= Ammonius (Alexandrian monk) =

Egyptian Christian monk

Ammonius (/əˈmoʊniəs/; Ἀμμώνιος) was a Christian monk involved in the power struggle between the bishop Cyril of Alexandria and the Praefectus augustalis Orestes in the 5th century.

==Life==
Ammonius was part of a group of supporters of the bishop Cyril, composed of both Parabalani and Nitrian monks. Whether he was a member of the Parabalani or the Nitrian monks in support of Cyril during his early reign is not made clear.

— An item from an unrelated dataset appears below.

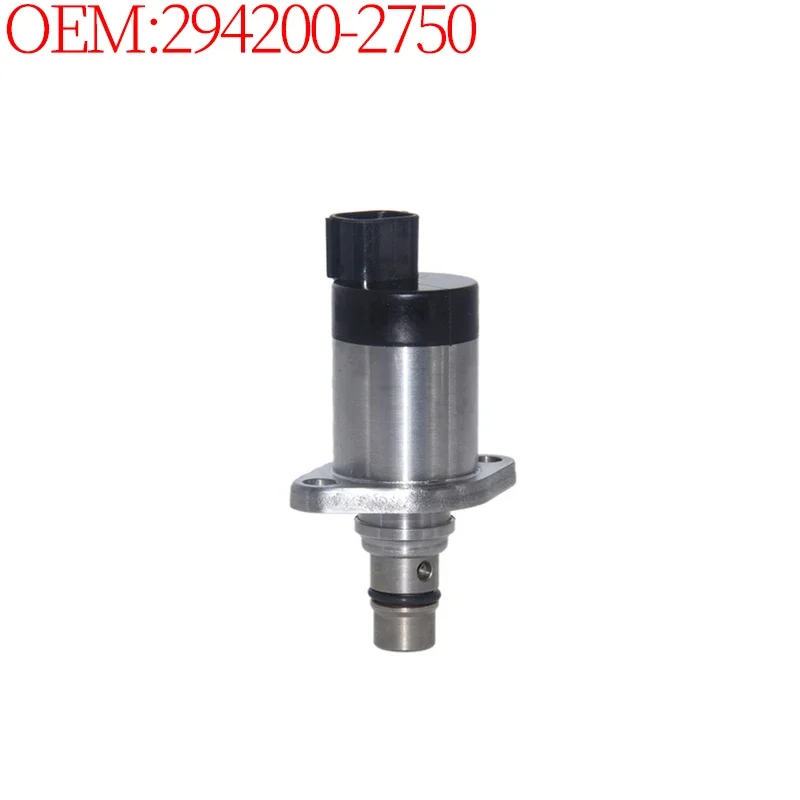 

294200-2750 High Pressure Oil Pump SCU Solenoid Valve for Mitsubishi 4D56 Excavator Accessories Construction Machinery Parts New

He, along with his fellow monks, confronted the Prefect riding in his open chariot in the streets of Alexandria. During the confrontation, he hurled a stone towards Orestes, which struck him in the head. The cut spilled enough blood to cover his face, nearly killing him. The monks then fled the scene from the prefect's guards and his supporters. He did not manage to flee in time and was captured by the guards and tortured to death. To show appreciation, Cyril seized his body and had his funeral at the church. During the proceedings, Cyril proclaimed him a martyr and saint and renamed him Saint Thaumasius (the Wonderful). This title was soon stripped by Cyril after fellow Christians who were embarrassed by his actions began to question this decision.

==Cultural references==
Ammonius is portrayed by the actor Ashraf Barhom in the 2009 film Agora. In the movie, he is shown as a Parabalani monk who is a supporter of both Cyril and Theophilus before him. His confrontation with Orestes and his act of stone-throwing is portrayed in the film under different circumstances.